Après une année 2023 marquée par la baisse de 7,4% des exportations coréennes, ces dernières ont affiché une reprise continue sur les huit premiers mois de l’année 2024 (+9,1% par rapport à la même période de 2023), renforçant son rôle de moteur de la croissance nationale. En août 2024, les exportations coréennes ont augmenté pour le onzième mois consécutif en glissement annuel pour atteindre 57,9 Md$ selon le ministère sud-coréen du commerce, de l'industrie et de l'énergie.
La reprise des exportations coréennes est principalement alimentée par la reprise de la vente d’appareils électriques, en particulier de semi-conducteurs (+41,7% entre janvier et août 2024 par rapport à l’an dernier), nécessaires à la fabrication de puces mémoire, par exemple utilisées dans le développement de l’intelligence artificielle générative. Les ventes dans la construction navale (+26,4% par rapport à l’an dernier) participent également à la hausse des exportations. La Banque de Corée considère que les exportations devraient continuer dans les prochains mois à alimenter la croissance coréenne, malgré l’existence d’un risque de ralentissement de la croissance américaine qui pourrait perturber le cycle des semi-conducteurs.
En termes de volume, les principales destinations à l’export demeurent la Chine (86 Md$, en augmentation de 6,9% sur les huit premiers mois de 2024 par rapport à l’année précédente) et les Etats-Unis (84 Md$, en augmentation de 15,5% sur la même période). On note également une dynamique ascendante concernant Hong Kong et Taïwan, dont les exportations ont respectivement augmenté de 68,6% et 53,4% sur les huit premiers mois de 2024, et dont la somme cumulée représente environ 10% du montant total des exportations coréennes.

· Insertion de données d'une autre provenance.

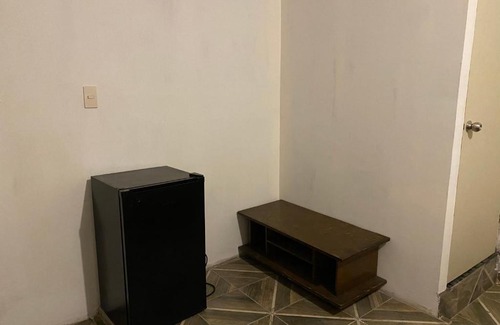 Hermosillo Apartment | Los Arcos Terraza Suites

Des défis à moyen et long-terme pour le modèle de croissance coréen
L’économie coréenne connait un certain nombre de défis qui risquent de peser sur sa croissance à moyen et long terme :
- La dépendance de la croissance coréenne aux exportations. Les exportations constituent un moteur traditionnel de la croissance et du développement économique de la Corée, le volume total des exportations en 2023 représentant 44% du PIB national (moyenne OCDE à 29%). La dynamique de ces dernières est aujourd’hui fortement exposée à la conjoncture économique mondiale, notamment marquée par un retour du protectionnisme et des barrières tarifaires, une dépendance qui subsiste à l’égard de la Chine (représentant près de 20% des exportations coréennes en 2023) et des fluctuations du cycle d’investissement dans les semi-conducteurs –15% de ses exportations en 2023 - dont l’inversion en 2019 avait entrainé une très forte contraction des prix, et donc de la valeur des exportations coréennes. Pour limiter cette dépendance, le gouvernement cherche à accompagner son industrie sur de nouveaux marchés à l’export, notamment au-delà de la Chine, et du point de vue des filières, à accompagner les autres industries exportatrices traditionnelles tout en développant de nouveaux leviers de croissance.

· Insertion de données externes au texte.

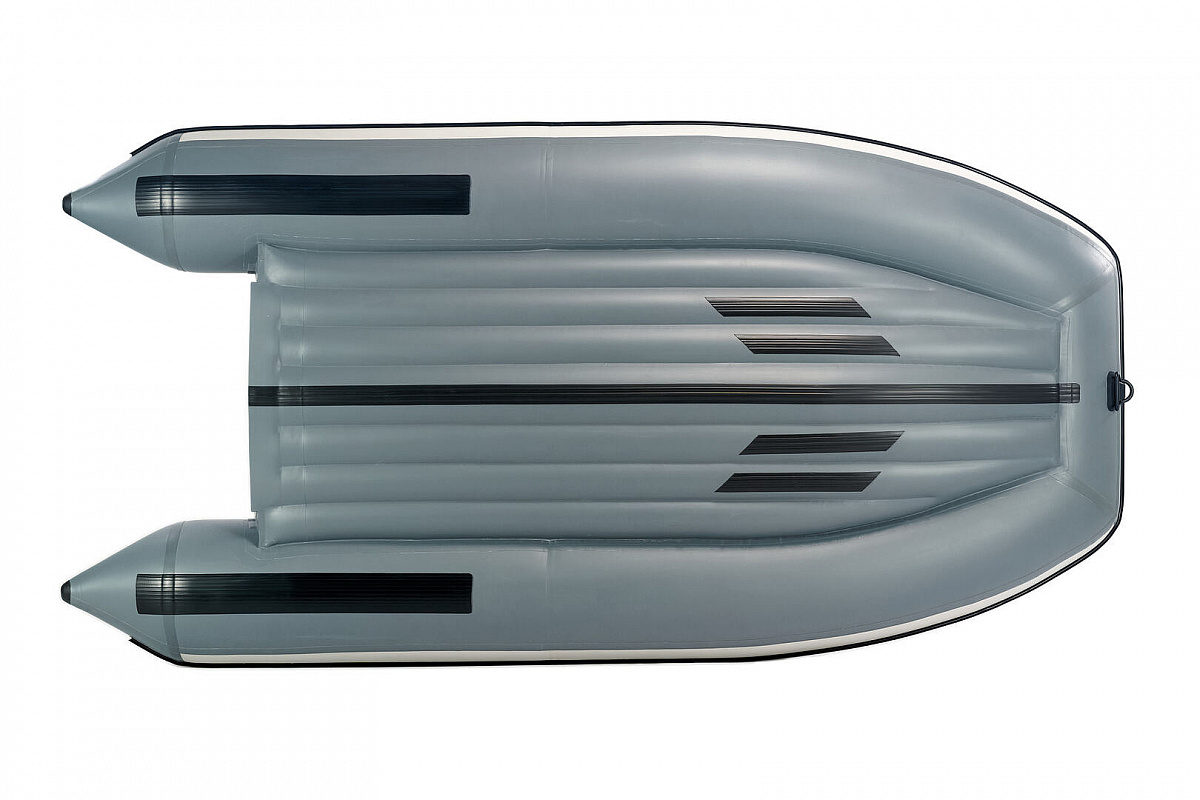 Лодка MISHIMO LITE 360 в Магнитогорске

- Des gains de productivité qui plafonnent. La Corée qui a connu une croissance moyenne de 3% dans les années 2010, s’inquiète de voir sa croissance passer à moyen terme sous la barre des 2%. Selon la Banque de Corée (BoK), la croissance potentielle liée aux facteurs fondamentaux d'une économie - capital, travail et productivité globale des facteurs (PGF) - est passée de plus de 5% début 2000 à 2,0% en 2020/2021 et à 2,2% en 2024. Pour le FMI, elle sera inférieure à 2% en 2030 et à 1% en 2050. Avec une PGF n'atteignant que 65% de la PGF américaine depuis plusieurs années, alors qu'en 2023 l'industrie représente encore 31,6% du PIB coréen (moyenne OCDE 22%). Ceci s'explique par la faible productivité des services qui n'atteignent en Corée que 45% de la productivité de l'industrie, contre 90% en moyenne dans l'OCDE.
- Une concentration d’innovations incrémentales. Alors que les grands conglomérats coréens sont souvent présentés comme leaders mondiaux en matière d’innovation, le modèle actuel d’innovation des chaebols présente certaines difficultés et tarde à s’extraire d’une logique de rattrapage technologique. En effet, 89% des innovations coréennes étaient en 2021 orientées vers l’amélioration de produits ou de processus existants plutôt que vers le développement de nouvelles technologies. Si les chaebols sont innovants dans les domaines dans lesquels ils disposent depuis plusieurs années d’un avantage technologique (électronique, semi-conducteurs, batteries), il semble plus difficile pour ces grandes entreprises de se positionner sur des technologies de rupture, à l’instar des technologies vertes. Or, de par leur poids, la capacité des chaebols à faire émerger de nouveaux moteurs de croissance est devenue un impératif national, le fait de rater un virage technologique pouvant emporter des conséquences sur l’ensemble du tissu d’innovation du pays (ce que l’OCDE surnomme « scénario finlandais » en référence aux déboires de Nokia).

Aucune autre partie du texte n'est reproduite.